> [What you should do] Look below for the line containing "5 Ways OnHow"; from there, print each line exactly up to and including the line containing "Neolamprologus cylindricus (5-8-17 Zoo Zajac) Neolamprologus", and stop.

> [Records shown]
*** Begin section ***

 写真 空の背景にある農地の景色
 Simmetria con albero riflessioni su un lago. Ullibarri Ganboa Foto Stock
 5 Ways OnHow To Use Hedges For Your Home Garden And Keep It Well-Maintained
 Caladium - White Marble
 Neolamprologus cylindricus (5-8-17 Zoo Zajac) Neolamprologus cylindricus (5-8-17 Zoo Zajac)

*** End section ***
*** Begin section ***

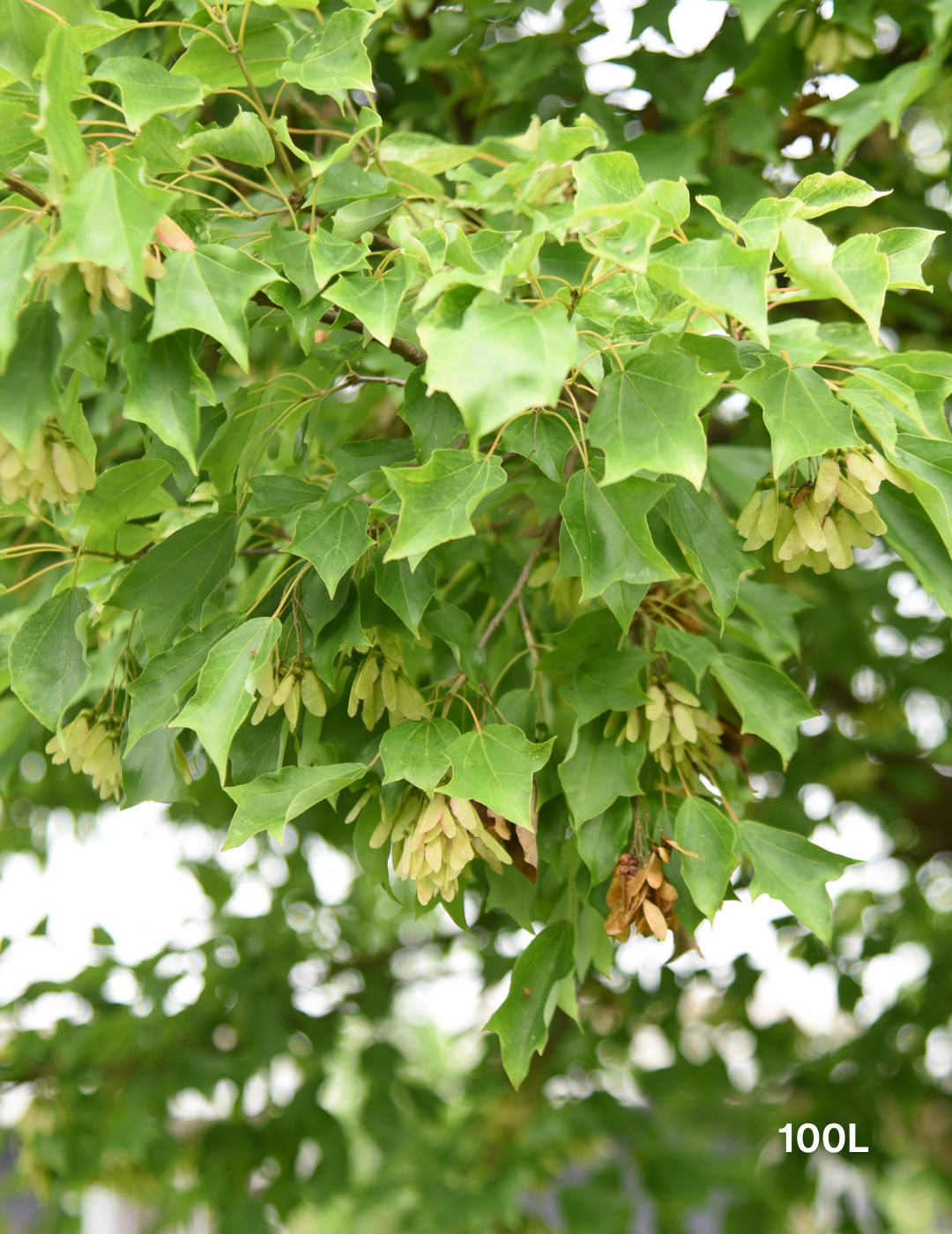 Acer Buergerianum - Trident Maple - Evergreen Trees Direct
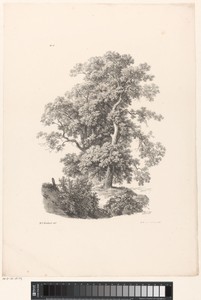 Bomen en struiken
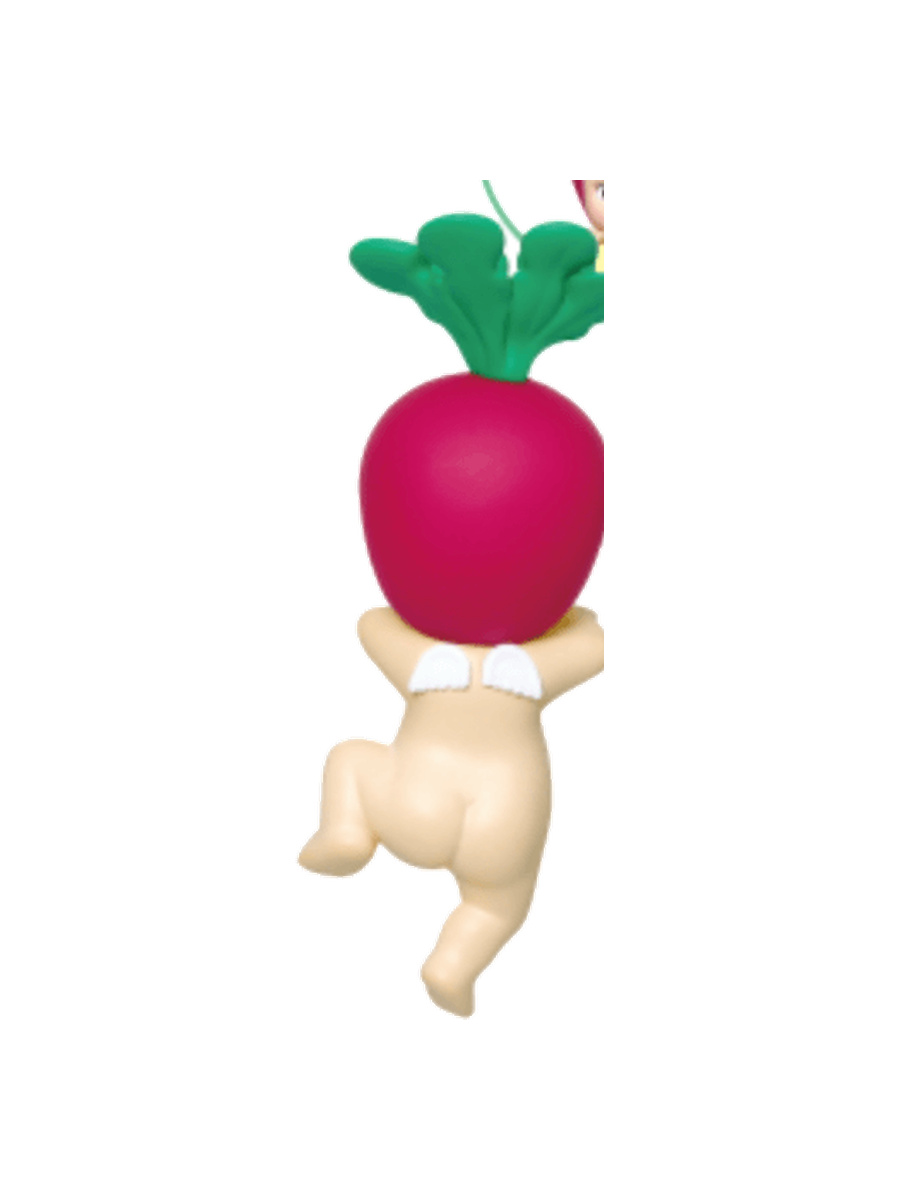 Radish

*** End section ***
*** Begin section ***

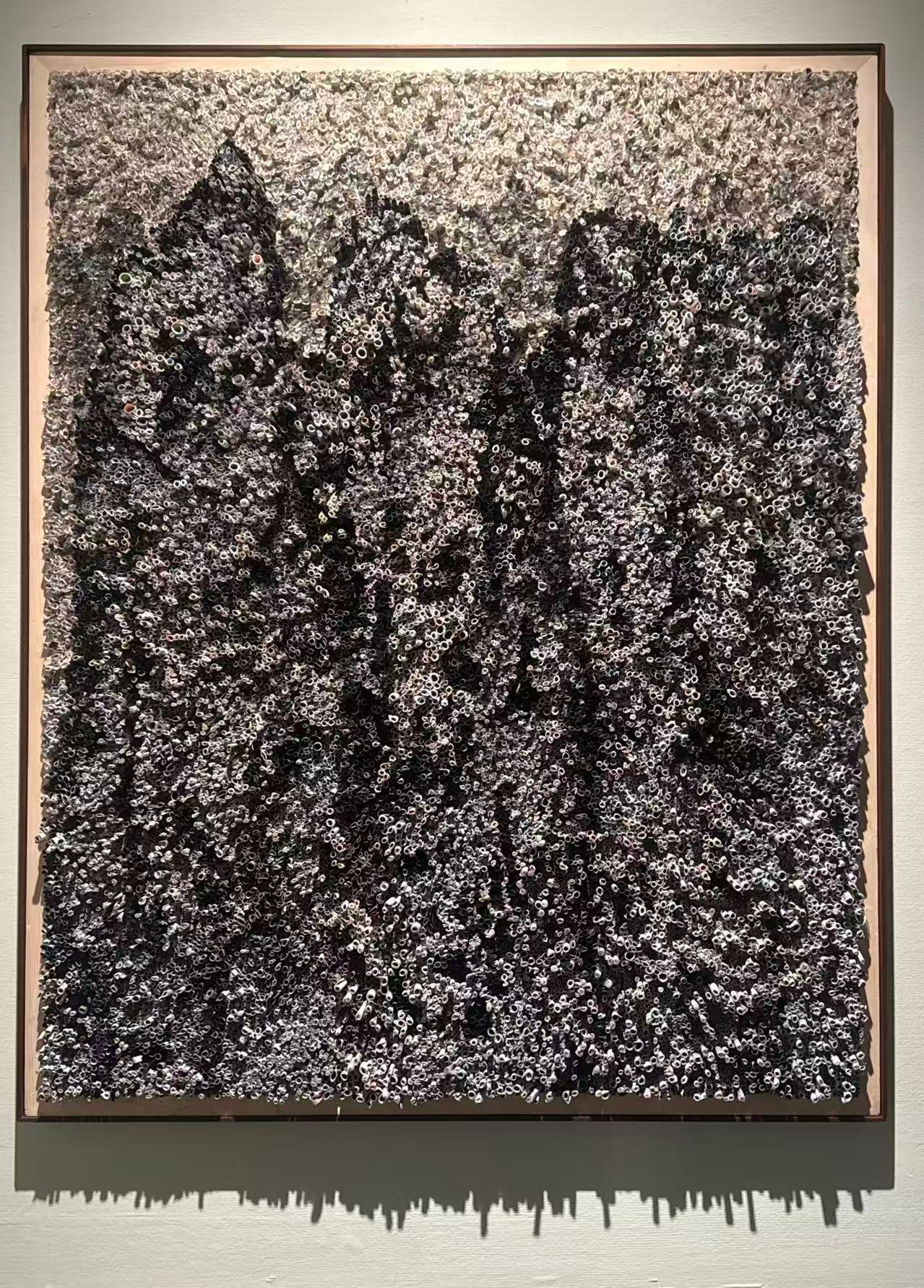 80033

*** End section ***

> [Task response]
 5 Ways OnHow To Use Hedges For Your Home Garden And Keep It Well-Maintained
 Caladium - White Marble
 Neolamprologus cylindricus (5-8-17 Zoo Zajac) Neolamprologus cylindricus (5-8-17 Zoo Zajac)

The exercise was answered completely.